And pretty soon, I hit an obvious design problem (which is okay,
really - this is still an exercise in exploring the right approach).
Namely, lots of languages actually have two namespaces when it comes
to accessing data belonging to an object. I'll refer to one of them as
"attributes" (as that's what they're called in both Ruby and Python)
and the other are "items", which are elements of some container
object. All objects have attributes, but only some objects
(containers) have items.
Some languages don't make a distinction, most notably, JavaScript. In
JavaScript, all objects are containers and they only have items (and
an item can be a function, in which case it functions as a method on
the object). Can't get much more generic than that, right? Other
languages (Ruby, Python) will distinguish between the two; the
containers are arrays/lists and hashes/dictionaries/maps. As a matter
of fact, it helps thinking of Java as having the distinction -
JavaBeans properties are the attributes, and arrays, Maps, and Lists
will have items.
I'd like to think that most people's mental model of objects actually
distinguishes the two. This of course, just as everything else I say
here, is open to debate (and I'd actually welcome a good debate to
iron things out).
Now, to make matters a bit more complicated, in lots of languages the
container API is actually just a syntactic sugar. Give an object a []

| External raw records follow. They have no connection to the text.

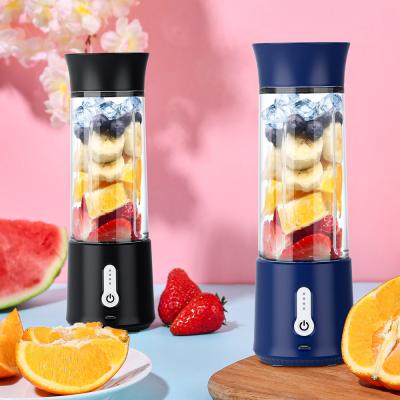 China Car Amazon Food Grade BPA Free Material Best Selling Electric USB Blender Juicer Machine for sale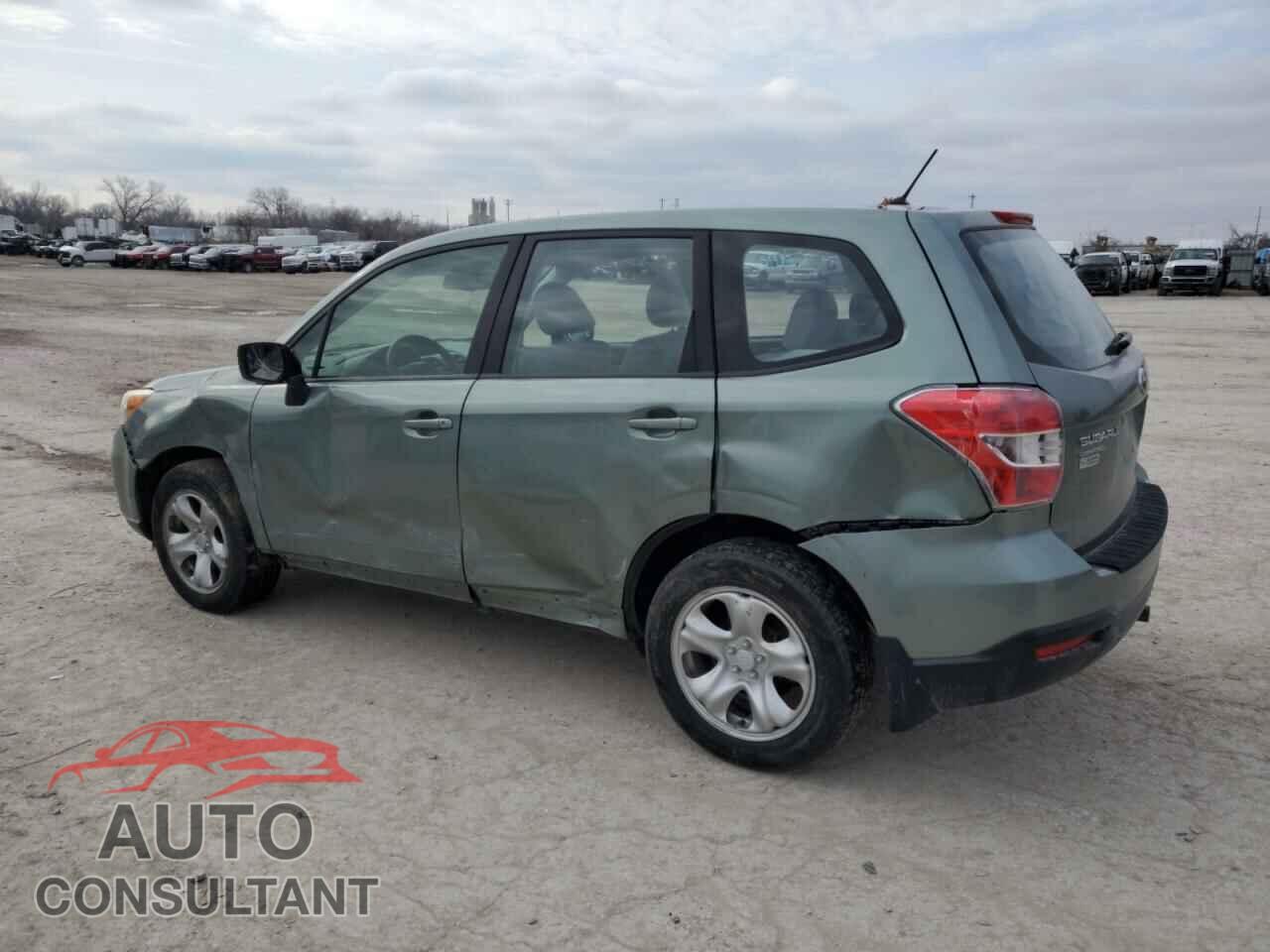 SUBARU FORESTER 2014 - JF2SJAAC3EH490450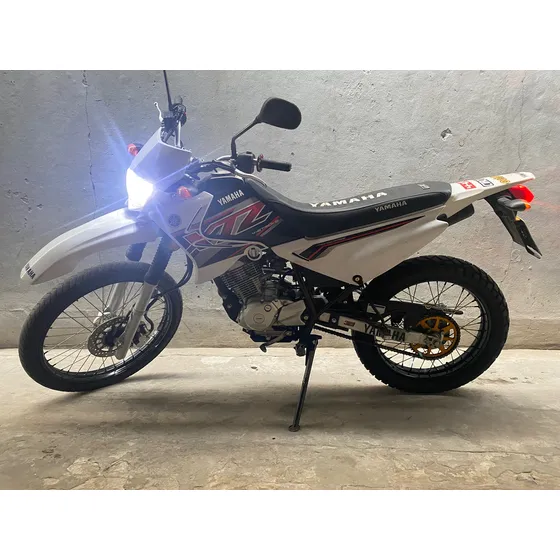 Yamaha Xtz125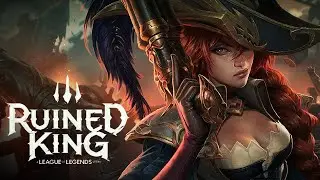 Tell Me A Game Story : League of Legends Ruined King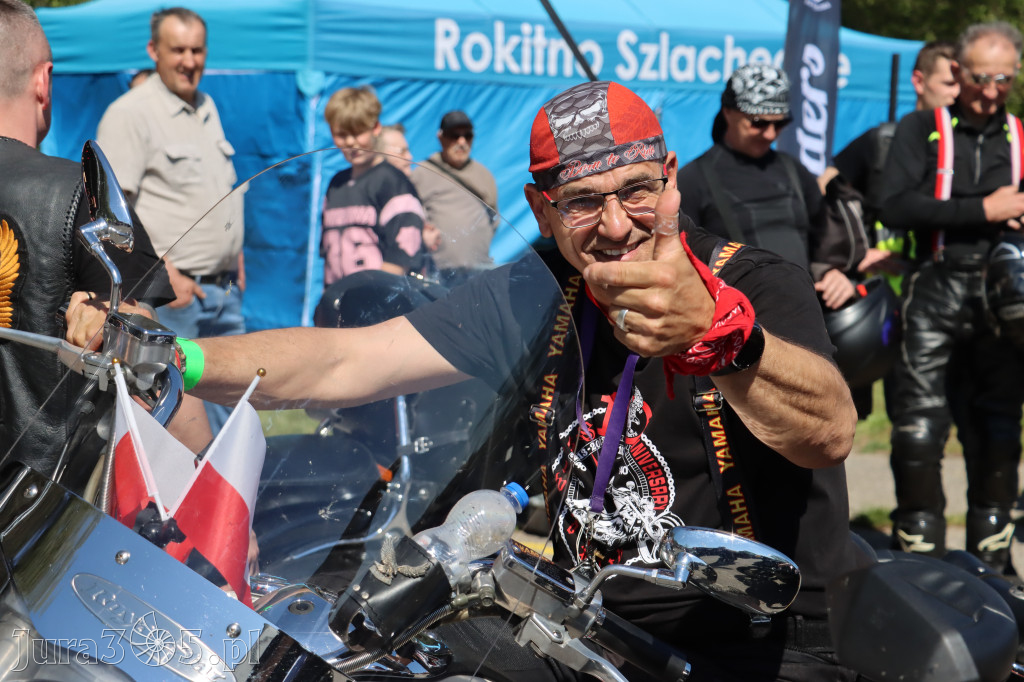 Fotorelacja III: IV Motopiknik w Łazach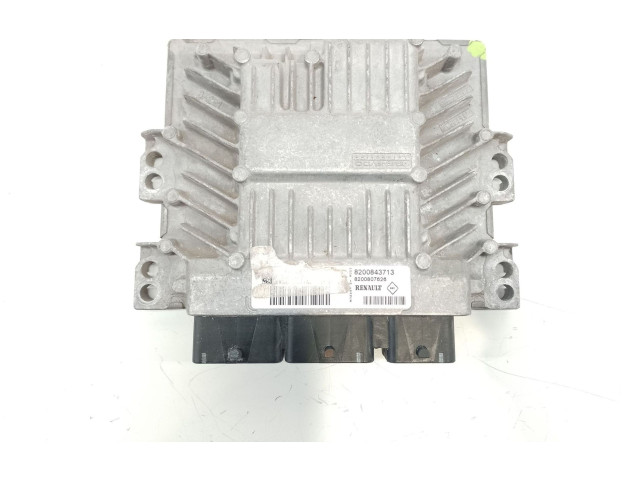 Блок управления центрального замка 8200843713, 8200807626   Renault Kangoo I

and a []= method, and it's a container in Ruby! Give it __getitem__,
__setitem__, and few others, and it's a container in Python! Honestly,
this is okay - as a byproduct of duck typing, one shouldn't expect
there be any sort of an explicit declaration of "containerness", right?
Bottom line is, I feel this is a big deal to solve in interoperable
manner, as the raison d'être of the MOP would be to allow
interoperability between programs written in different languages
within a single JVM; I imagine in most cases the programs will pass
complex data structures built out of lists and dictionaries to one
another, so it feels... essential to get this right. It also feels
like something that can rightfully belong in a generic MOP as most
languages do have the concept of ordered sequences and associative
arrays. Of course, I might also be wrong here; it is also an essential
goal to not end up with a baroque specification that contains
everything plus the kitchen sink. I.e. you might notice that my
current MOP effort for now doesn't have a concept of the class, as not
all languages have a class concept; funnily enough the concept of
sequences and maps actually looks more important for interop (since
it's more general) to me right now than the concept of a class.

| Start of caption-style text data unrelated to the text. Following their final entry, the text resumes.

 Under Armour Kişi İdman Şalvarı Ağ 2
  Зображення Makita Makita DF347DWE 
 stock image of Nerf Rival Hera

So, here am I wondering whether this is something that can be made
sufficiently unified across the languages to the point that if a Ruby
program is given a Python dictionary, and it calls []= on it, it
actually ends up being translated into a __setitem__ call. The goal
seems worthwhile, and is certainly possible but I'm not entirely sure
how much of an effort will it take. There's only one way to find out
though (doing it), but I'd really appreciate some debate and feedback
here before I embark on this.
Thanks,
Attila.
Attila Szegedi wrote:
> So, here I am trying to further my metaobject protocol library. In
> order to get further with it, I tried the eat-my-own-dog-food approach
> and decided to - after having written a MOP for POJOs - to try and
> write actual MOP implementations for some dynamic language
> implementations, most notably, Jython and JRuby.

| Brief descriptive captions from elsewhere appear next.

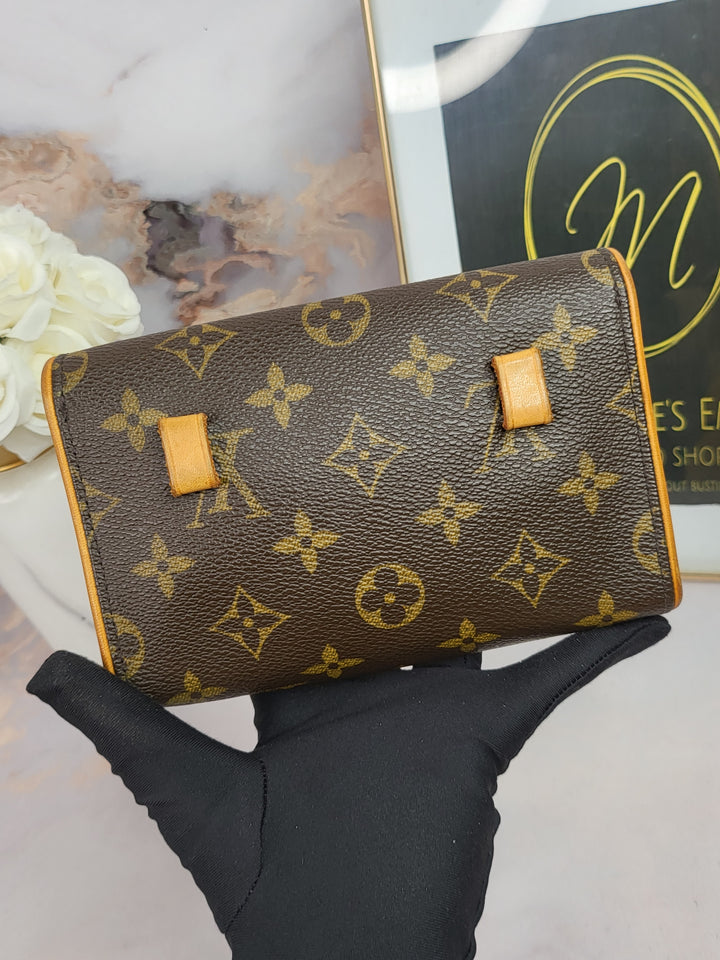 Louis Vuitton Monogram Florentine Pochette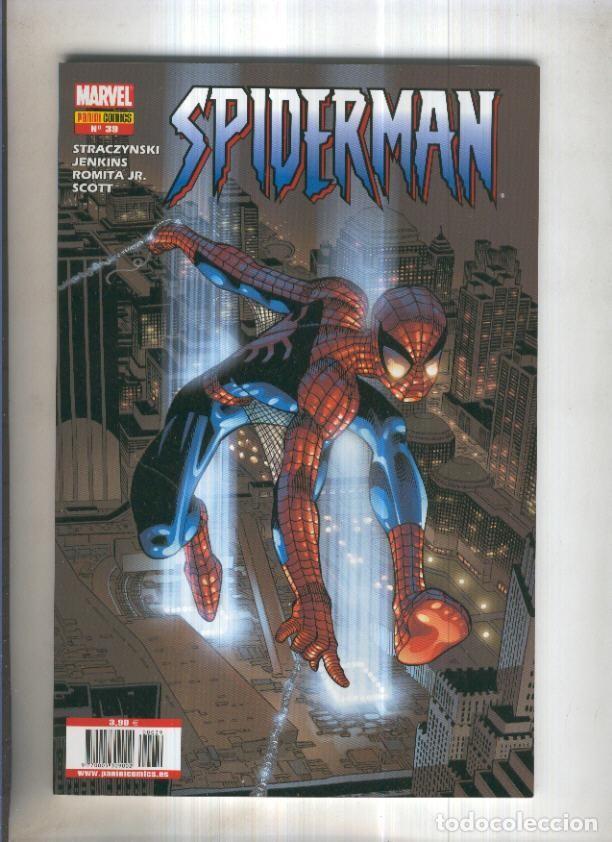 Livres: SPIDERMAN Panini, Vol. 01 Numero 39: El Libro de Ezquiel 3 - J. Michael Straczynski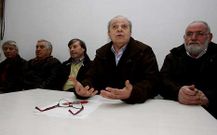La asamblea se celebr� ayer a las 21  horas en el recinto ferial.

Excellent. JRuby 1.1 will be out soon, and then this sort of work (and
the improved integration with Java and other languages it brings) will
become a high priority for us as well.
> And pretty soon, I hit an obvious design problem (which is okay,
> really - this is still an exercise in exploring the right approach).
> Namely, lots of languages actually have two namespaces when it comes
> to accessing data belonging to an object. I'll refer to one of them as
> "attributes" (as that's what they're called in both Ruby and Python)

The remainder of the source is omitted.